When I looked at NPR's gender bias in its coverage of adult fiction in this week's Phoenix, I sparked a discussion about sexism in literature. Over in the comments, there's a thoughtful debate going on about potential avenues of further research. On Twitter, a bunch of sypmathetic people have spread the word, including Jodi Picoult and Jennifer Weiner (!!!!!!).

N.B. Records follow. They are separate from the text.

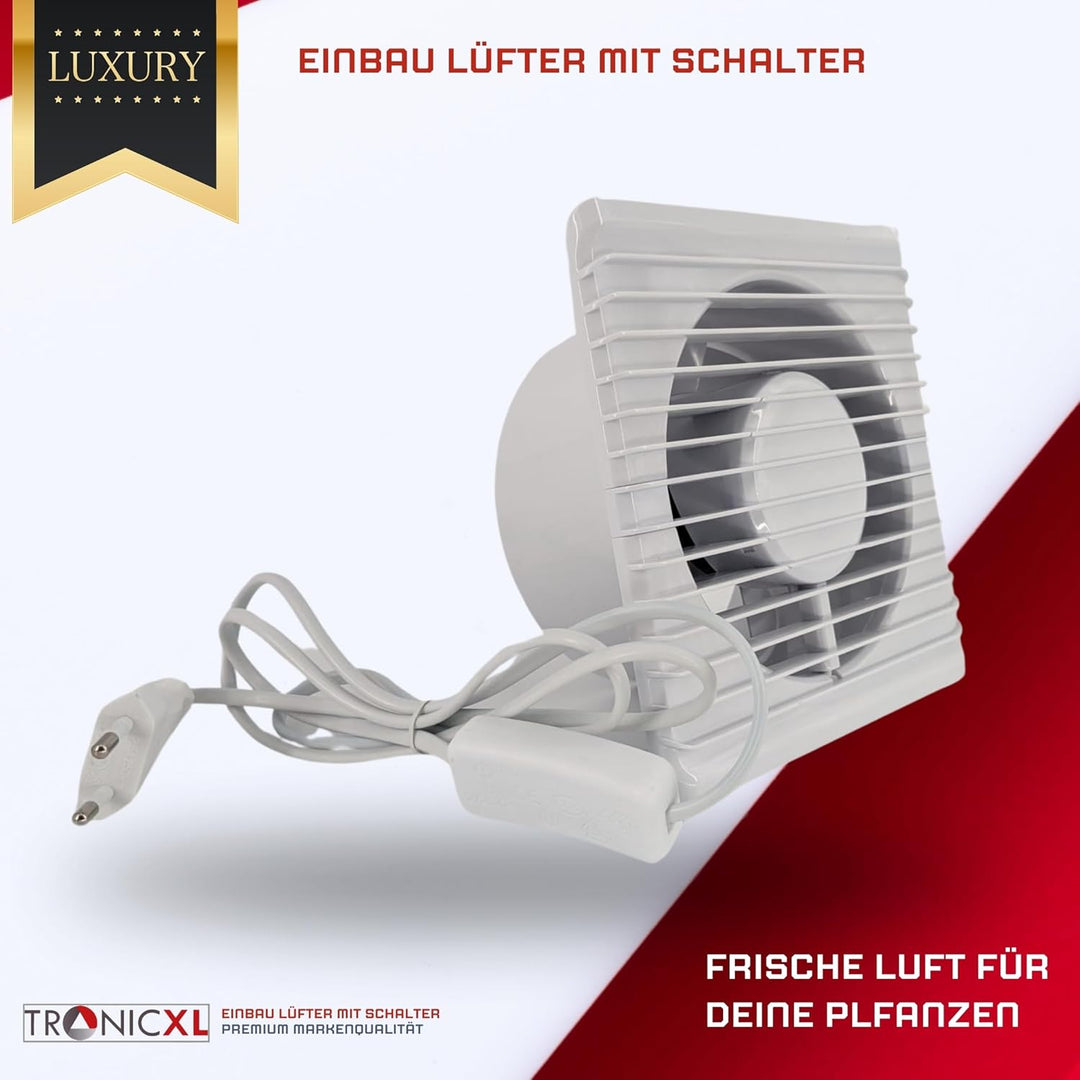 100mm Abluft/Zuluft Grow Lüfter Ventilator mit Netzstecker und Schalter für Homebox Growbox Growschr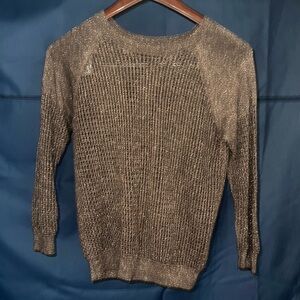Express glittery brown 3/4 sleeve sweater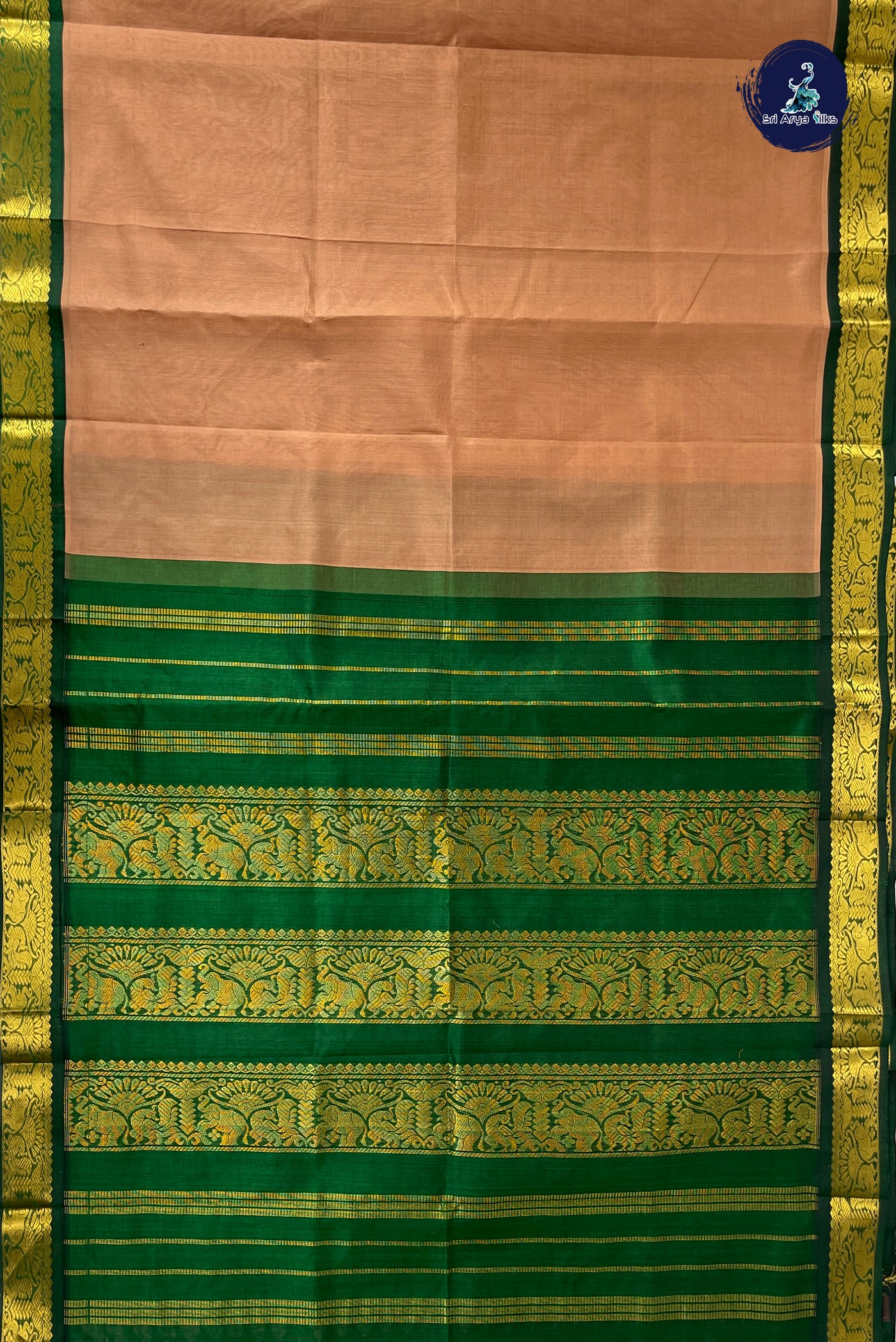 Beige Korvai Silk Cotton Saree With Plain Pattern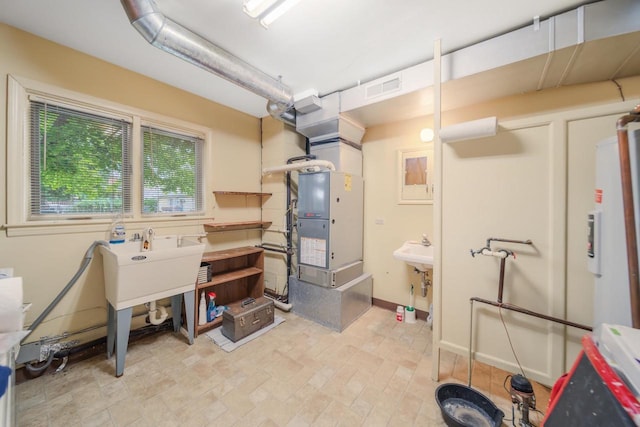 basement with heating unit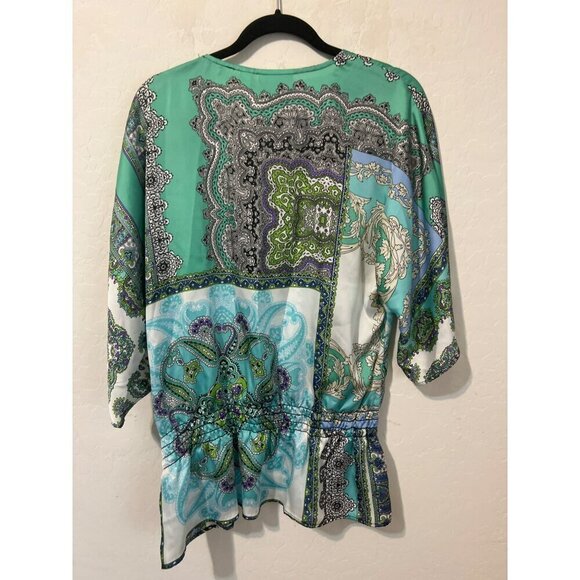 Chico's Sz 2 (US L 12) Shades of Green Silky Flowy Pullover Blouse Cinched Waist - Picture 4 of 7
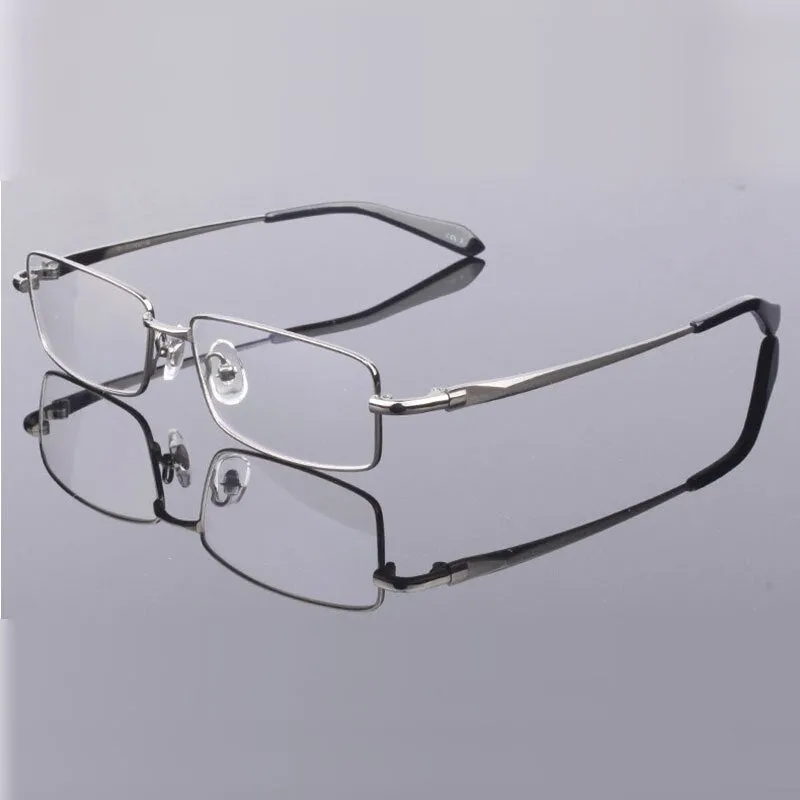 Reven Jate Men's Full Rim Square Titanium Alloy Eyeglasses 9867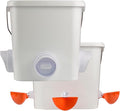 Automatic Chicken Feeder and Waterer Set Hanging Chicken Feeder No Waste Poultry Feeder 3 Gallon Water Feeder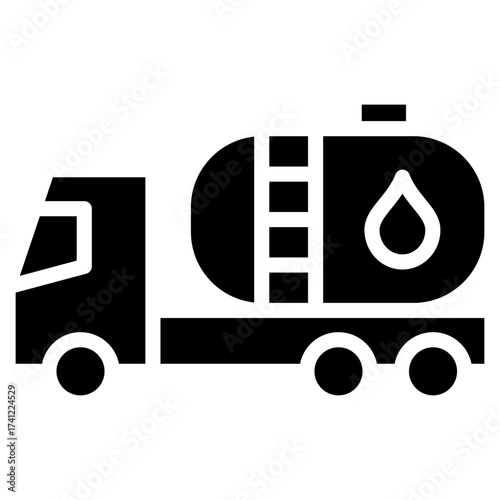 Oil Tank Truck  Icon Element For Design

At Beatrice.com, Ron Hogan posted an inordinately thoughtful response about his own reviewing habits:
"When I looked back at 2011, however, I realized that my performance so far had been somewhere between the NPR and Times
percentages. How did that happen? Why, despite my intentions, which had
already begun to take shape, did I tend to veer towards this book rather than that one? It’s not that I’m picking “the wrong books,” I’m pretty sure of that."
Go read the rest here.
But not everyone's entirely sympathetic. A few people have wondered if the fact that female readers outnumber males means that bias doesn't exist. For their information, female readers can be biased towards men, too. (And, as I said in my conclusion, I'm not innocent of bias, either.) Others wondered if the reason women publish less than men is because women write fewer books. While we figure out a way to quantify that statistic, I'd encourage those wondering about it to read this essay.
So far, NPR hasn't responded to the article. But if people keep tweeting at them, maybe they'll have to.